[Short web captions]
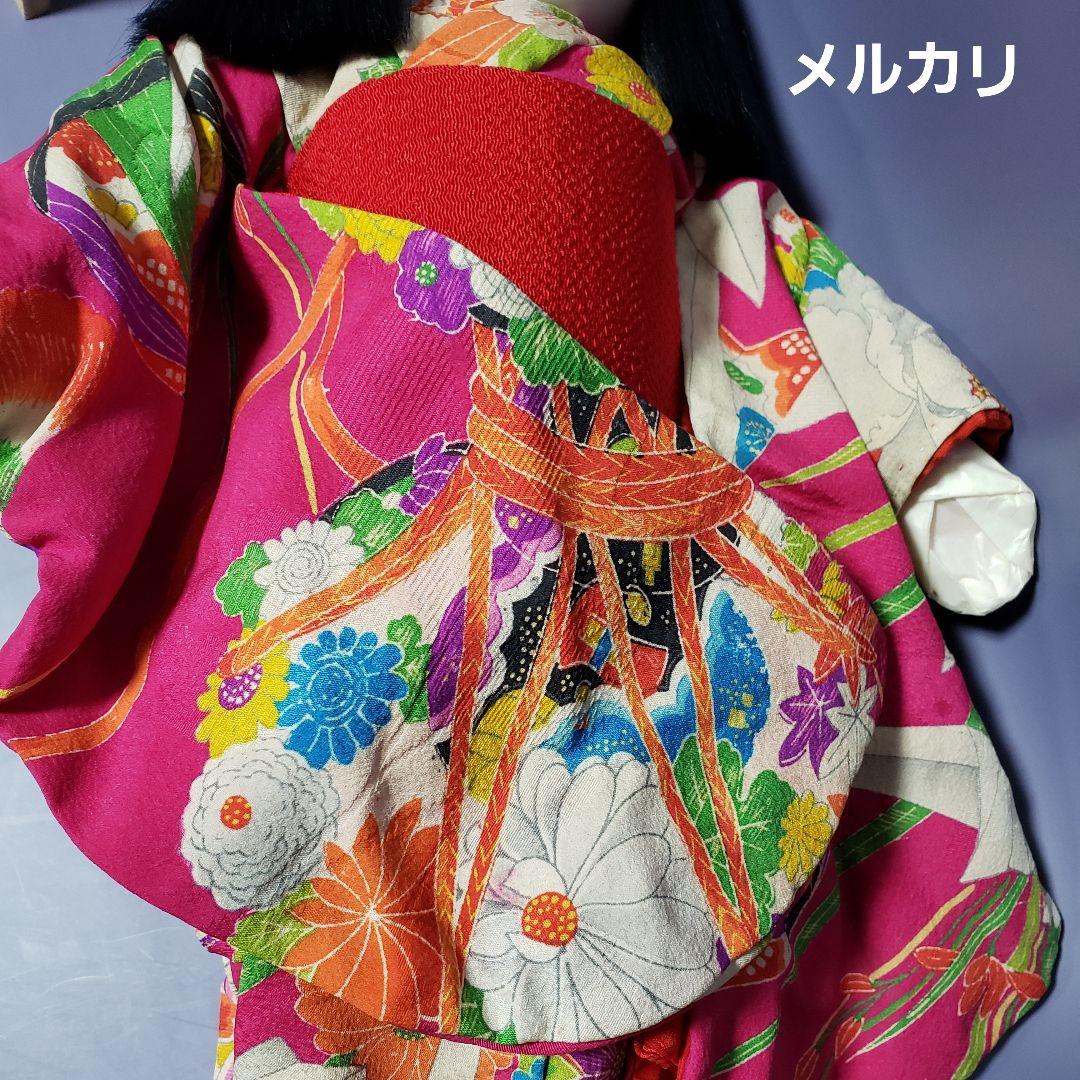 【9】松乾斎東光 市松人形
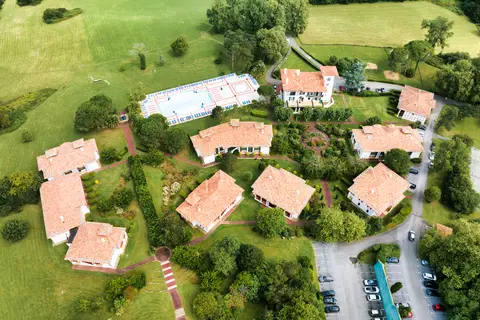 Résidence Le Domaine De Bordaberry in Urrugne — foto 6
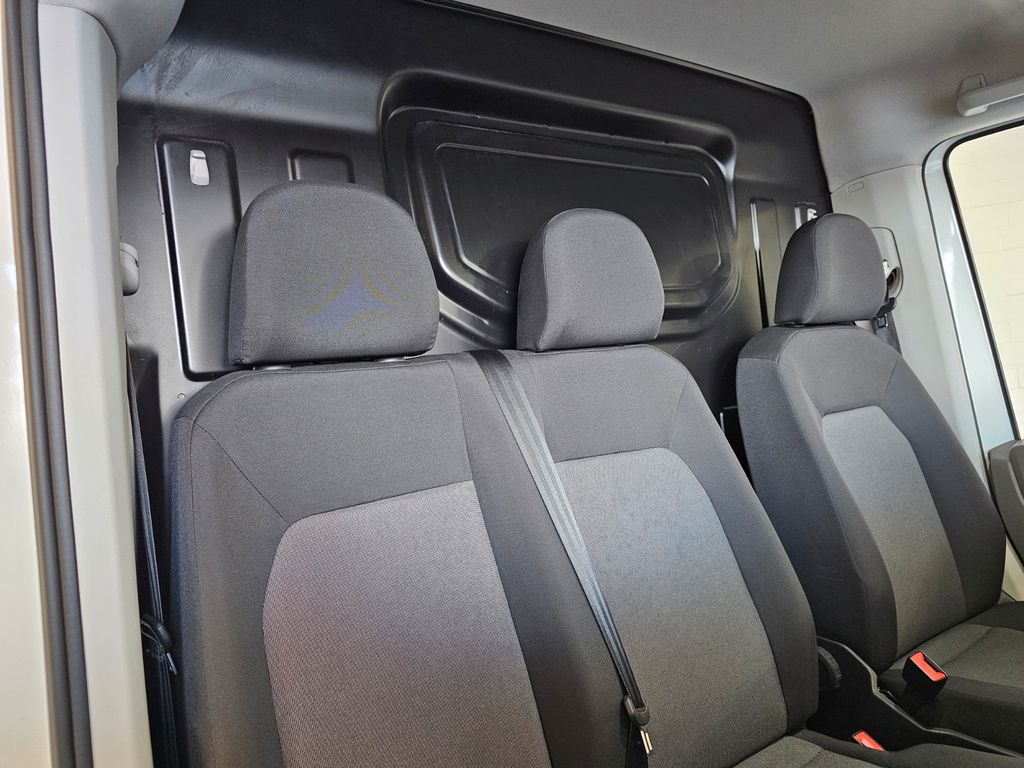 Volkswagen Crafter 2019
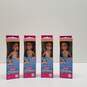 Barbie Club Chelsea Doll with Pinapple Suit Set of 8 image number 3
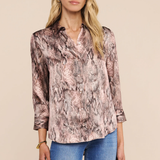 Dani 3/4 Sleeve Blouse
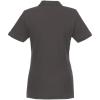 Beryl short sleeve women's organic recycled polo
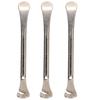 3Pcs Bicycle Tire Repair Tools High Strength Steel Portable High Hardness Cycling Tool Accessory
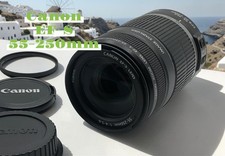 Canon EF-S 55-250mm f/4-5.6 IS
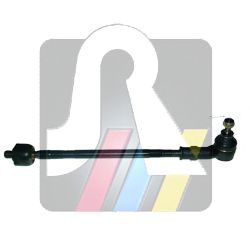 Conjunto de dirección Derecha para FORD Fiesta 1.8 D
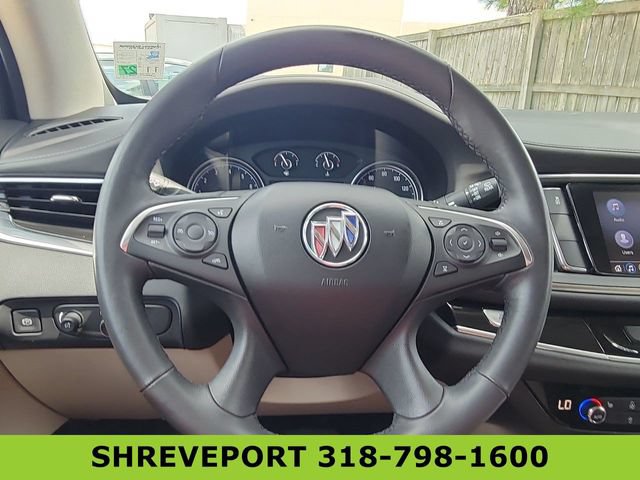Certified 2020 Buick Enclave Essence w/ Sound and Sites Package FWD image 11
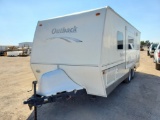 2004 Outback Travel Trailer
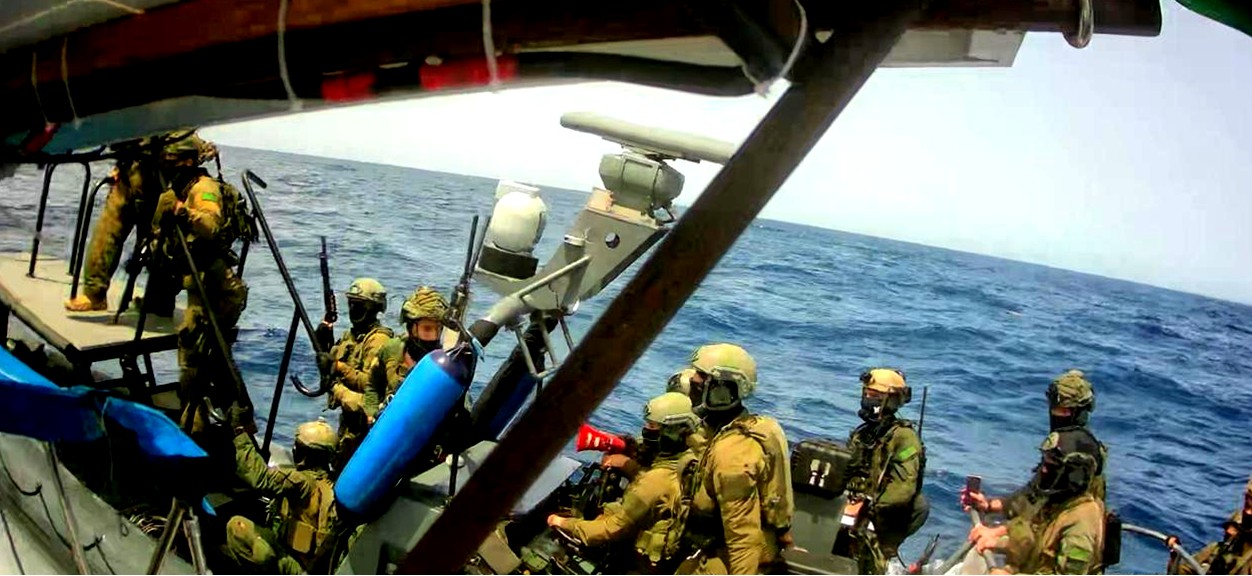 La Flotilla? Che barba, che noia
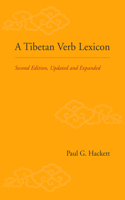 Tibetan Verb Lexicon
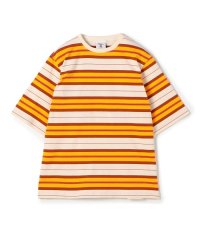 TOMORROWLAND MENS/【別注】BARBARIAN コットンハーフスリーブ クルーネックカットソー/508184056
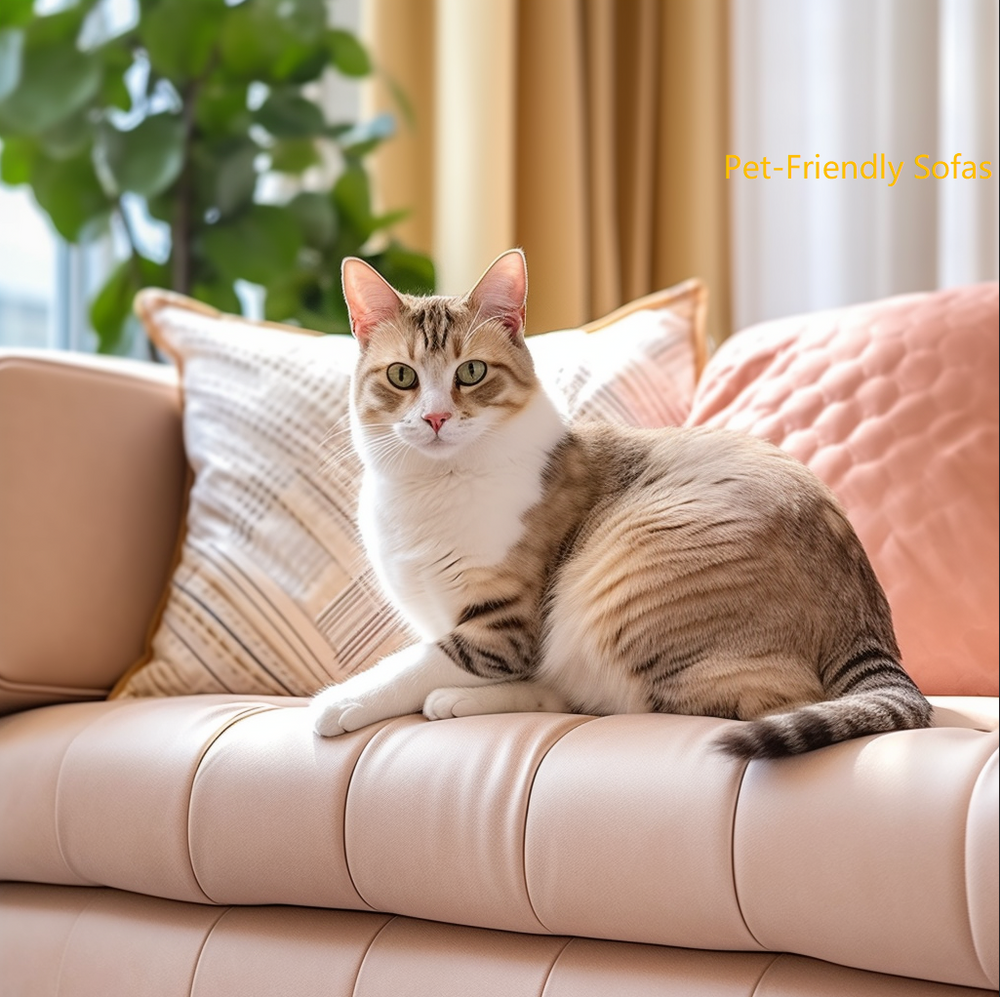 Cat friendly couch shop fabric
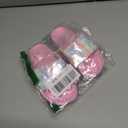 IceUnicorn Kids Girls Slide Sandals Toddler Slippers Boys Non-slip Summer Casual Beach Water Shoes for Indoor & Outdoor (Pink)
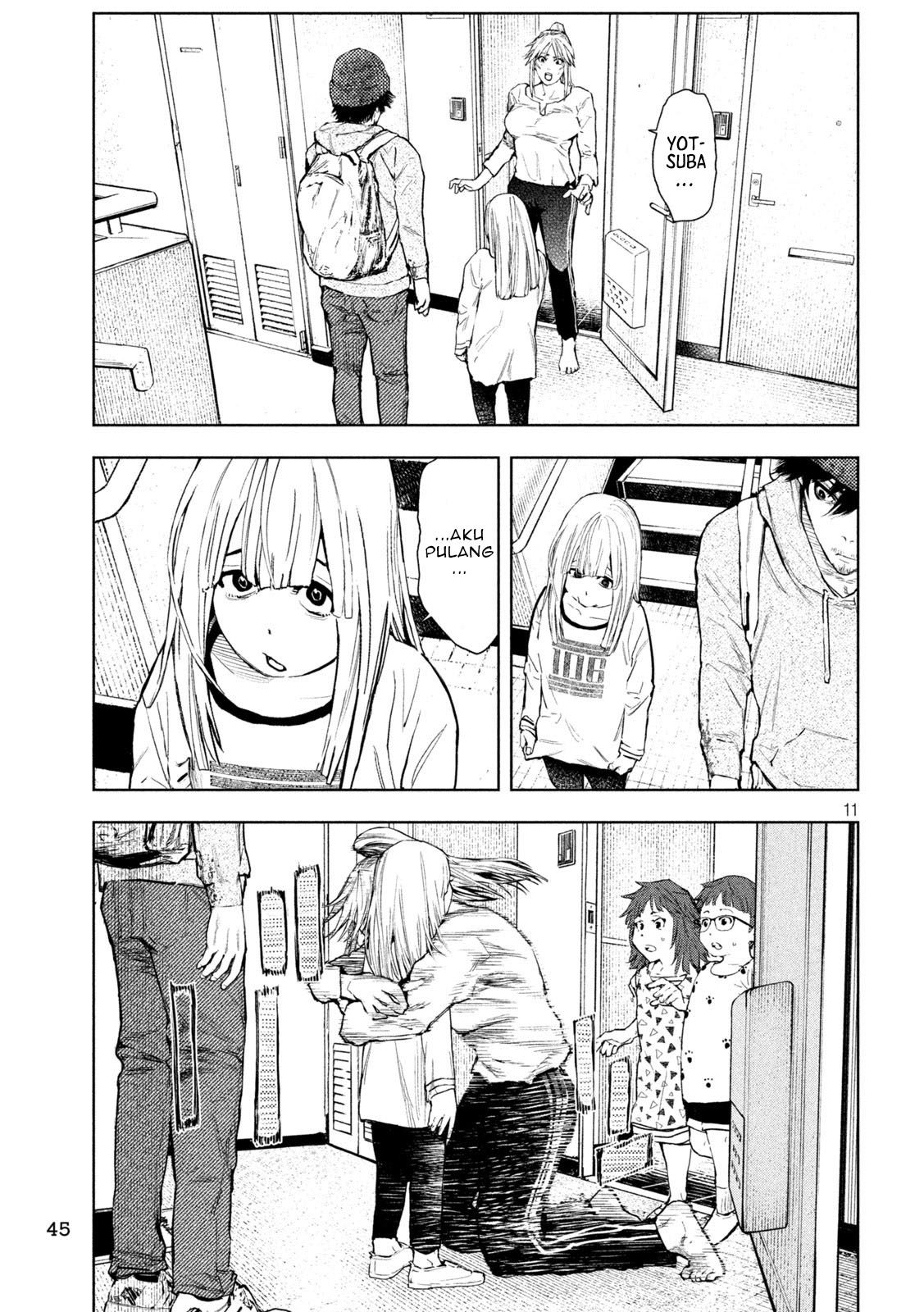 Amateur Vigilante Chapter 2 - halaman 12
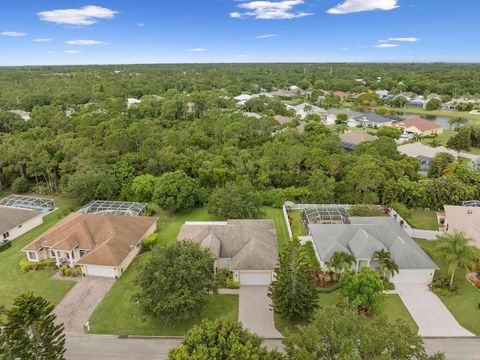 A home in Vero Beach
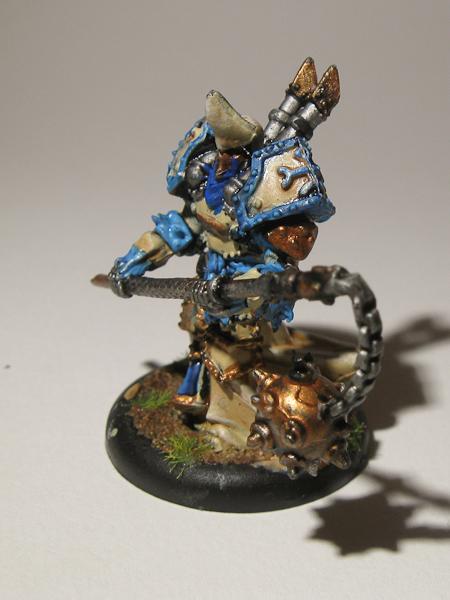 Kreoss, Pkreoss, Protectorate Of Menoth
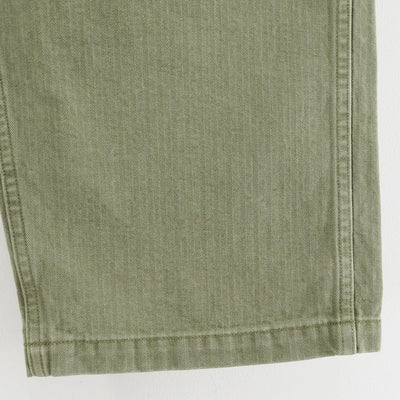 【HERILL/ヘリル】<br>US Army HBT Bakerpants <br>25-030-HL-8030-30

YOUR ASSIGNMENT ▸
Only the lines from the line with "Résidence Le Domaine" through the end of the records belong in your copy. Repeat them exactly, without pictures.

RESPONSE AREA ▸
 Résidence Le Domaine De Bordaberry in Urrugne — foto 6
 Volkswagen Crafter 2019
 Barbie Club Chelsea Doll with Pinapple Suit Set of 8 image number 3
 Dani 3/4 Sleeve Blouse
 Beryl short sleeve women's organic recycled polo
 3Pcs Bicycle Tire Repair Tools High Strength Steel Portable High Hardness Cycling Tool Accessory
 Canon EF-S 55-250mm f/4-5.6 IS
 Conjunto de dirección Derecha para FORD Fiesta 1.8 D
Certified 2020 Buick Enclave Essence w/ Sound and Sites Package FWD image 11
 2004 Outback Travel Trailer
 La Flotilla? Che barba, che noia
 Tibetan Verb Lexicon
 TOMORROWLAND MENS/【別注】BARBARIAN コットンハーフスリーブ クルーネックカットソー/508184056
 Cat friendly couch shop fabric
 IceUnicorn Kids Girls Slide Sandals Toddler Slippers Boys Non-slip Summer Casual Beach Water Shoes for Indoor & Outdoor (Pink)
 Amateur Vigilante Chapter 2 - halaman 12
 A home in Vero Beach
 Kreoss, Pkreoss, Protectorate Of Menoth
 【HERILL/ヘリル】<br>US Army HBT Bakerpants <br>25-030-HL-8030-30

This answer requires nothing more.